BURLINGTON, Mass., April 16, 2014 (GLOBE NEWSWIRE) -- MicroFinancial Incorporated (Nasdaq:MFI) a financial intermediary specializing in vendor based leasing and finance programs for microticket transactions, today announced financial results for the first quarter ended March 31, 2014.
- Net income decreased by $0.2 million to $2.1 million or $0.14 per diluted share on 14,759,188 shares;
- Increased cash received from customers by 11.5% to $34.6 million, representing $2.34 per diluted share as compared to the first quarter of 2013;
- Increased total revenues by 2.6% to $15.7 million as compared to the same period last year;
- Increased originations by 14.8% to $23.0 million, up from $20.1 million for the same period in 2013;
- The Company repurchased 66,552 shares for during the quarter at a total cost of approximately $536 thousand; and
- Paid a quarterly dividend of $1.0 million during the first quarter, representing $0.07 per share.
First Quarter Results:
Net income for the first quarter of 2014 was $2.1 million, or $0.14 per diluted share on 14,759,188 shares as compared to $2.3 million or $0.15 per diluted share based upon 14,786,580 shares for the same period last year.
Revenue for the quarter ended March 31, 2014 increased 2.6% to $15.7 million compared to $15.3 million in the first quarter of 2013 due primarily to increases in rental income and income on service contracts. Income on leases remained flat at $10.2 million, and rental income was $2.7 million, an increase of $0.2 million from the same period last year. Other revenue components contributed $2.8 million, an increase of $0.2 million from the same period last year.
Total operating expenses for the quarter increased 4.2% to $12.0 million from $11.5 million in the first quarter of 2014. Selling, general and administrative expenses increased $0.1 million to $4.8 million from $4.7 million for the same period last year primarily due to increases in personnel related expenses. The first quarter 2014 provision for credit losses increased to $5.0 million from $4.9 million in the same period last year. First quarter 2014 net charge-offs increased to $5.8 million from $4.2 million in the comparable period of 2013 and include recoveries which increased slightly to $1.5 million from $1.4 million.

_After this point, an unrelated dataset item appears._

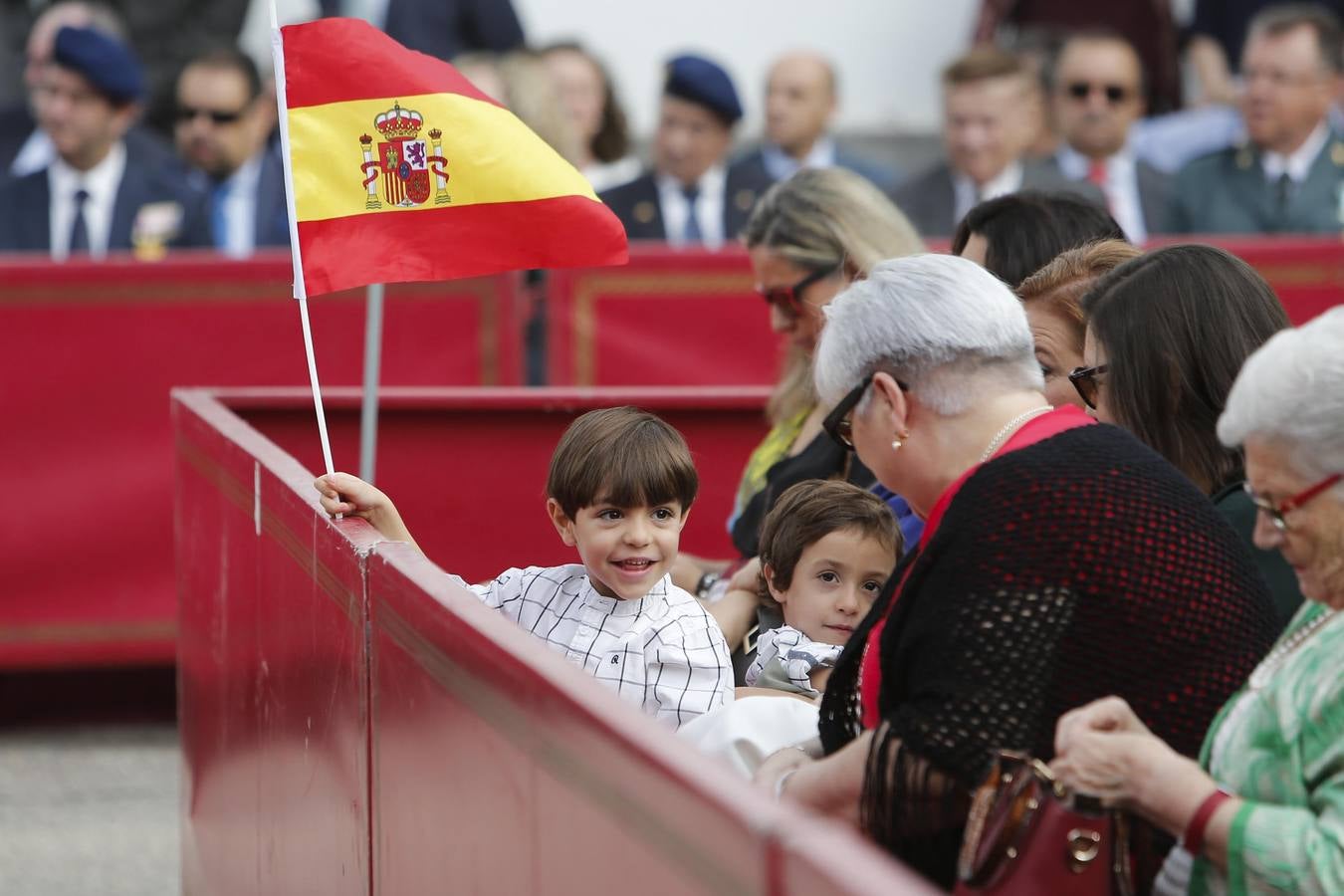 El homenaje a los caídos de la Guardia Civil y el desfile del día de la patrona, en imágenes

Depreciation and amortization expense for the first quarter of 2014 increased $0.2 million to $1.5 million as compared to the first quarter of 2013 due primarily to an increase in the number of TimePayment contracts coming to maturity and converting to rentals as well as an increase in the number of service contracts.
Cash received from customers increased 11.5% to $34.6 million during the first quarter of 2014. New originations for the quarter increased 14.8% to $23.0 million as compared to $20.1 million in the first quarter of 2013. Headcount at March 31, 2014 was 157 as compared to 151 for the same period last year.

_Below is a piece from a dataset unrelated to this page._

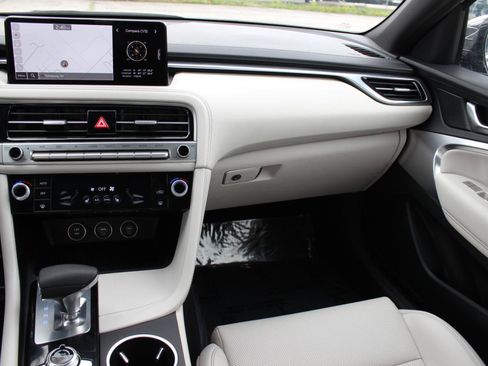Used 2025 Genesis G70 2.5T RWD image 17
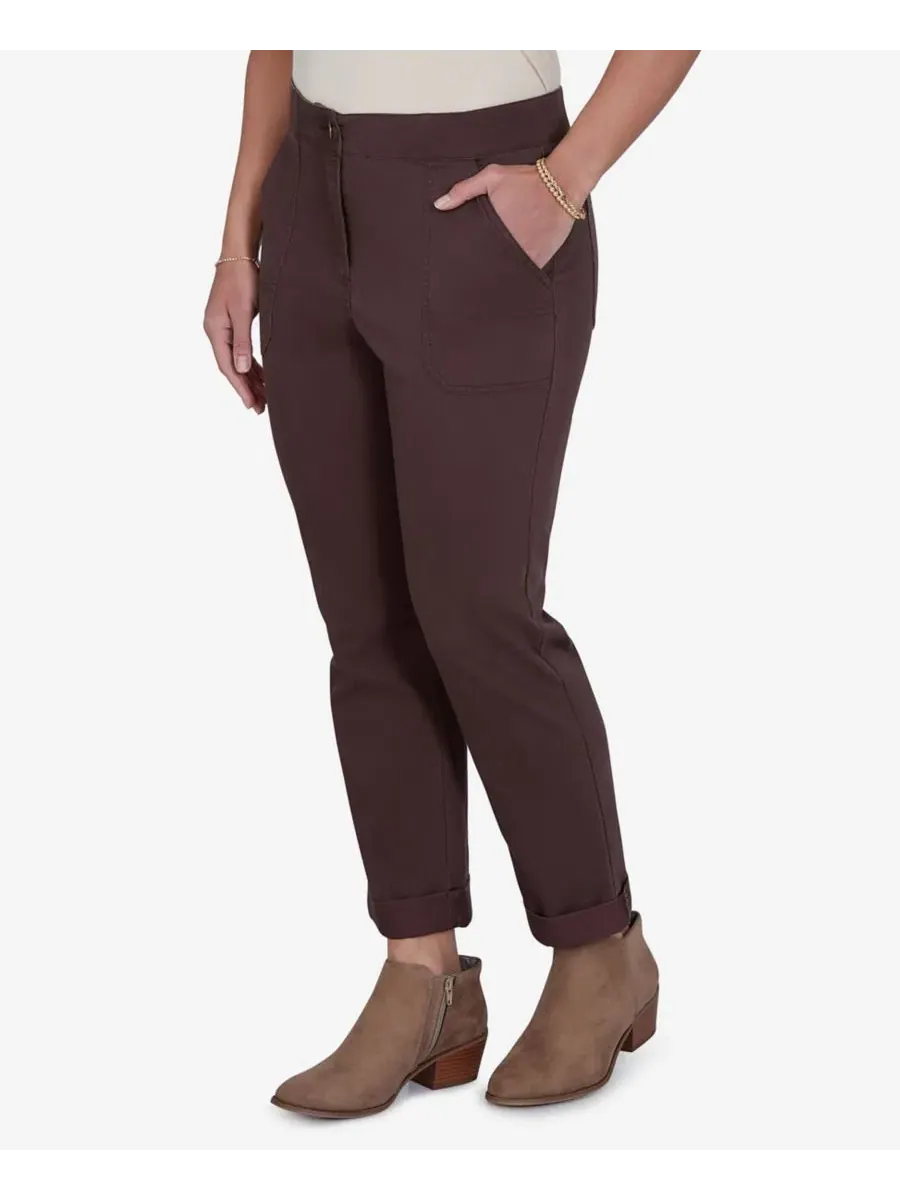 Брюки прямого кроя укороченные с манжетами Petite Enzyme Wash Straight-Leg Cropped Pants Ruby Rd. — изображение 2 из 5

Richard Latour, President and Chief Executive Officer said, "We are pleased with our overall financial performance for the quarter. Through the first three months of 2014, we are starting to see the improvements from the changes we made to our sales force structure at the end of 2013. We increased the number of lease applications processed by approximately 10% to 20,050 and increased our lease application dollars by approximately 17%. In addition, we increased new vendor approvals by approximately 33% for the quarter to 338 along with an increase in our lease originations by approximately 15% to $23.0 million as compared to the same period last year. Cash received from customers continues to improve and increased approximately 11.5% or $3.6 million to $34.6 million as compared to the first quarter of 2013. The average deal size increased slightly from approximately $4,600 in the first quarter of 2013 to $4,900 in the first quarter of 2014."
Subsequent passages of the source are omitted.